Tickets are for this week’s drawing of a 45-minute coaching session with me.  During this session, we can talk about anything from how to begin a writing project to book proposals and query letters. 

You’ll also be entered into my grand-prize drawing of a one-hour coaching session (includes 10-page manuscript review) PLUS a spot in Jane Friedman’s self-study course How to Write a Book Proposal

For complete details, click here

To report your purchase or review, send an email to lisa.cooper.ellison@gmail.com.

So, let me explain why this challenge isn’t hypocritical. 

NOw that you have the 411 on how supporting independent bookstores is an investment in your writing career, I know where you’ll be spending your book-buying dollars. 

But I also know how the publishing industry works. While independent bookstores help writers connect with the hearts of readers, Amazon is the biggest retailer in this industry. 

For authors to get noticed, Amazon and Goodreads reviews are essential for three very important reasons: 

  • Reviews early in a book’s publication cycle create buzz and help build momentum during a launch that can catch the attention of Amazon’s mysterious algorithm. Please the algorithm, and Amazon will refer the book to readers. It can also help authors qualify for price drops and promotions that can boost sales. Most authors hope to have at least ten reader reviews on the first day of their book launch. Now that you know this, you can make this a future writing goal.
  • Reviews at any time boost a book’s credibility. While you’re a savvy writer/reader who learns about books in many different ways, there’s a trove of readers out there who rely on the “books you might like” section of every Amazon page. When they click on those selections, the choice to purchase—or not—comes down to the number and quality of reader reviews. Your support can increase the author’s sales. 
  • And, in case you don’t already know this, there are a number of trolls, “so-called literary critics,” and bots who write negative reviews either to seem smart or gain attention.  Not every negative review belongs in this category, but reviews by trolls and disgruntled family members are not uncommon. These negative reviews can affect an author’s overall rating. Help the authors you love combat this problem by writing positive, supportive reviews.

 

Here’s why this benefits you (Hint: it’s a karma thing.)

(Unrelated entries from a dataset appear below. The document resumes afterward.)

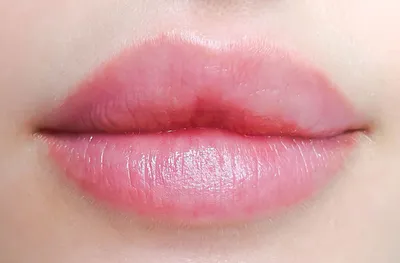 Заживший перманентный макияж губ 🦋Мастер Диана Стоимость процедуры 8000₽  ✔️Без корочек ✔️Без отеков ✔️Без боли 🏆Работы … | Макияж губ, Макияж,  Перманентный макияж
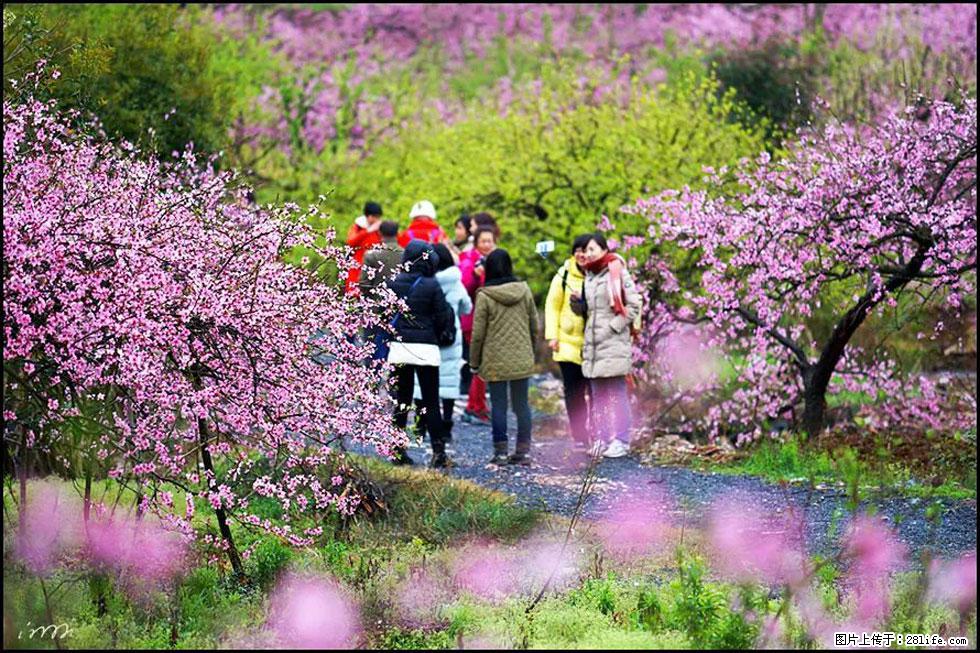 【春天,广西桂林灌阳县向您发出邀请!】官庄村有个醉美的桃花园 - 游山玩水 - 温州生活社区 - 温州28生活网 wz.28life.com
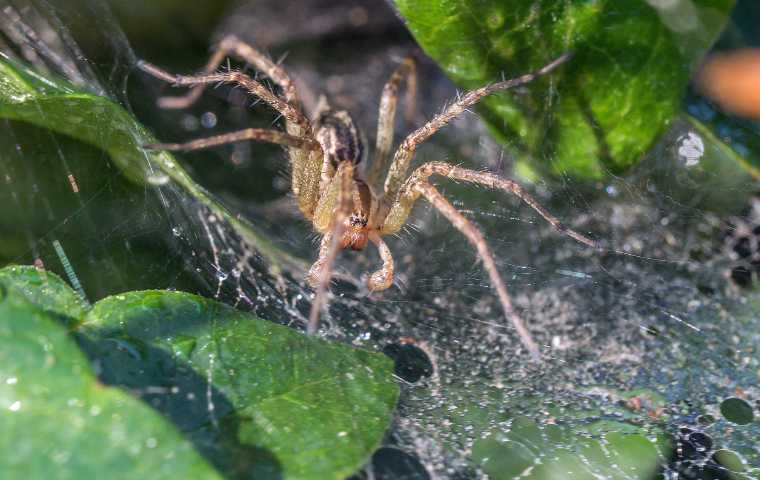 unveiling grass spiders fascinating facts you need to know (2)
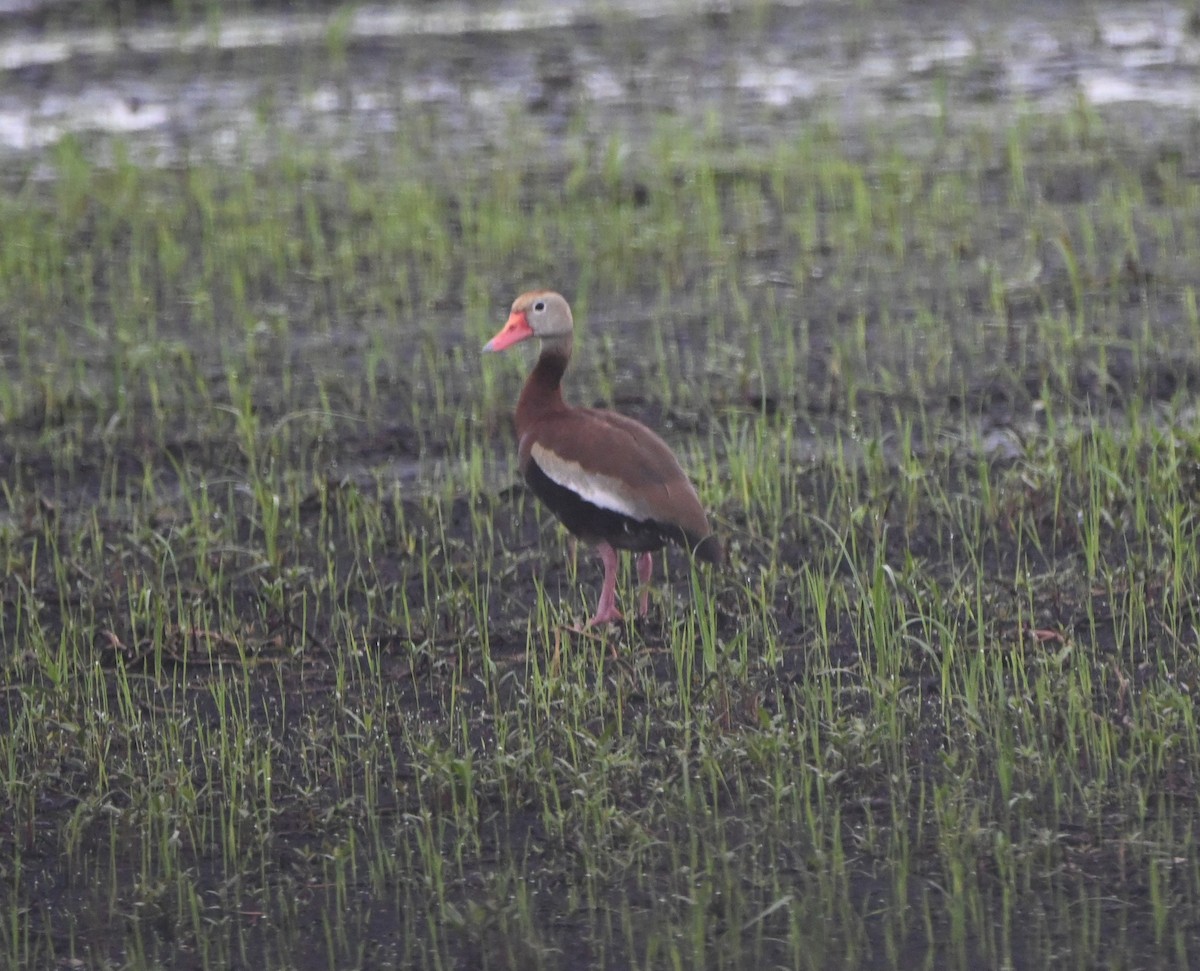 Black-bellied Whistling-Duck - ML620506640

You know that saying—what goes around comes around? 

One day, you might be preparing for a book launch. And, while creating reviews for an author should never be a quid pro quo, authors are more likely to review your book if you’ve supported theirs. 

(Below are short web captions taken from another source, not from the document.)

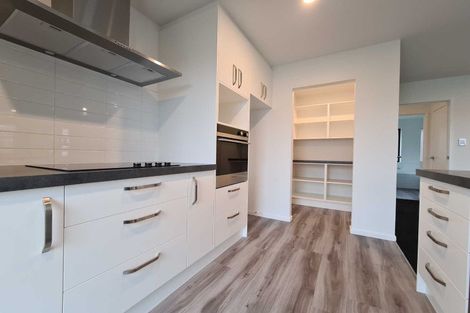 Photo of property in 28 Lomu Way, Rolleston, 7615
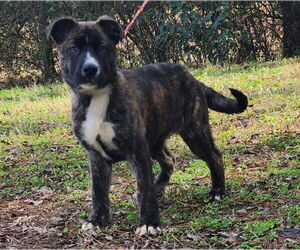 German Shepherd Dog-Unknown Mix Dogs for adoption in Wetumpka, AL, USA
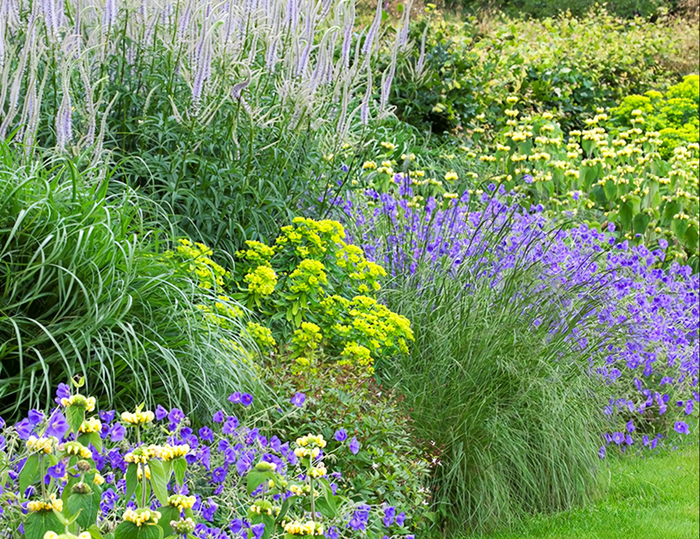 ������������� ���������� 'Lavendelturm' � ��������� � ������ �������� � ����-���������� ������� 'Orion'. Wisley RHS Garden, ������, �������� <!--noindex--><a href="https://pikabu.ru/story/landshaftnyiy_praktikum__58_okonchanie_11117755?u=http%3A%2F%2Fdewilde.nl&t=dewilde.nl&h=8cc8fc191f8afe7b2d28921f7dd59da74b6e0a92" title="http://dewilde.nl" target="_blank" rel="nofollow noopener">dewilde.nl</a><!--/noindex-->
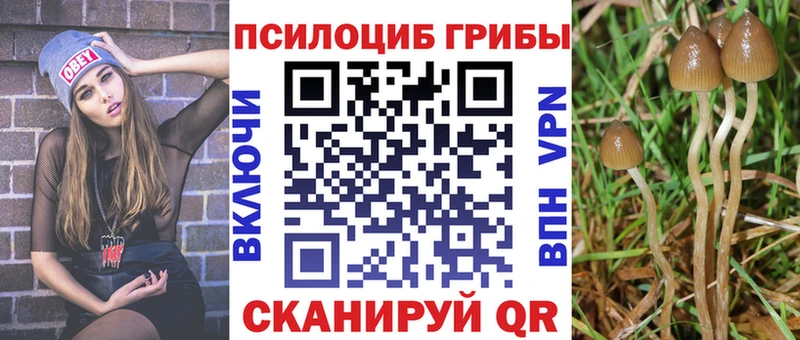 Псилоцибиновые грибы прущие грибы  Купино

Even if those you’ve reviewed don’t return the favor, regularly writing reviews for the books you love will give you the confidence to ask for reviews when the time comes

Writing reviews can help you even if you never plan to write a book. 

You’ll feel good about your standing as a good literary citizen. 

The act can also broaden your writing community. 

And, writing thoughtfully about another writer’s work will help you understand how books are organized, what works, and how you can improve your own writing

Like I said, it’s a karma thing.  

While lengthy reviews can be a gift to the author, this challenge doesn’t need to take a ton of your time. 

If you’ve never written an Amazon or Goodreads review, here’s an easy formula you can use. It follows what I call my three Ss—simple, short, and supportive. 
 

  1. Write 1 – 3 sentences that tell the reader what the book is about. 
  2. Write 3 or 4 sentences about why you enjoyed reading the book. 
  3. Upload your reviews to Goodreads and Amazon.

 
So, now that you understand how this benefits authors and your karma, get writing, and then send me an email with the name of the book you reviewed and one thing you liked about the book. 

And, if you missed it, last week’s challenge brought in a whopping $20,279 for organizations that support families in need. Independent bookstore purchases and reviews are beginning to come in. Let’s see what good karma we can generate in week two.